Revenu Québec sévit contre les « terroristes de la paperasse »: une médecin de Québec qui avait décidé de ne pas payer un sou d'impôt est devenue la première adepte des Freemen on the Land condamnée à dédommager le fisc pour lui avoir fait perdre son temps avec des arguments à son avis « loufoques ».

Christine Banville, une omnipraticienne de Sainte-Catherine-de-la-Jacques-Cartier, touchait sans problème des centaines de milliers de dollars de l'État en honoraires, mais avait décidé qu'elle ne devait rien lui reverser. Son cas est revenu devant la Cour d'appel lundi et sa condamnation date de l'automne dernier.

La juge au dossier s'est dite troublée par la possibilité qu'une professionnelle de la santé comme Christine Banville puisse adhérer à des idées qui n'ont « aucun sens » comme celles des Freemen on the Land, aussi appelés « Citoyens souverains ».

Cette mouvance complotiste rejette les lois et l'État, qu'il assimile à une vaste conspiration dont les individus pourraient s'extraire grâce à leurs prétendues connaissances juridiques et constitutionnelles. Des adeptes cessent de payer leurs factures, roulent en voiture sans plaque d'immatriculation et résistent vigoureusement aux autorités policières et fiscales.

La médecin avançait notamment que « christine banville » et « CHRISTINE BANVILLE » constituaient deux personnes distinctes qui avaient pris entente entre elles sous « juridiction maritime » afin d'échapper au fisc, avant d'évoquer une « juridiction d'amirauté ». Elle a aussi évoqué la Charte des droits et libertés, la Déclaration canadienne des droits et le Pacte internationale [sic] relatif aux droits civils et politiques.

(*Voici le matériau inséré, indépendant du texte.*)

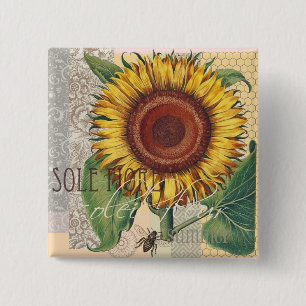 Sunflower Vintage Damask Flower Art 15 Cm Square Badge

La section antiterroriste du FBI a qualifié le mouvement des Freemen on the Land de « menace intérieure croissante » il y a quelques années. C'est ce corps de police qui a utilisé le premier l'expression « terroriste de la paperasse » (paper terrorist).

Le Collège des médecins du Québec n'a pas voulu révéler s'il enquêtait sur la Dre Banville. « Un médecin n'est pas obligé de déclarer à son ordre professionnel ce type de jugement rendu par la Cour du Québec », a indiqué Leslie Labranche, responsable des communications de l'ordre.

La Dre Banville n'a pas rappelé La Presse. Selon des registres publics, elle réside dans une maison d'une valeur de 1 million de dollars achetée au nom d'une fiducie familiale.

« C'EST UNE BONNE JURISPRUDENCE »

La Dre Banville a été condamnée à dédommager le fisc québécois à hauteur de 7500 $, en plus de devoir payer presque 150 000 $ en impôt provincial impayé pour les années 2014 et 2015.

Le comportement de la médecin « remet en cause le fonctionnement même de l'État », une situation particulièrement « inexplicable » vu que sa « rémunération provient de ce même État », a écrit la juge Geneviève Cotnam, de la Cour du Québec.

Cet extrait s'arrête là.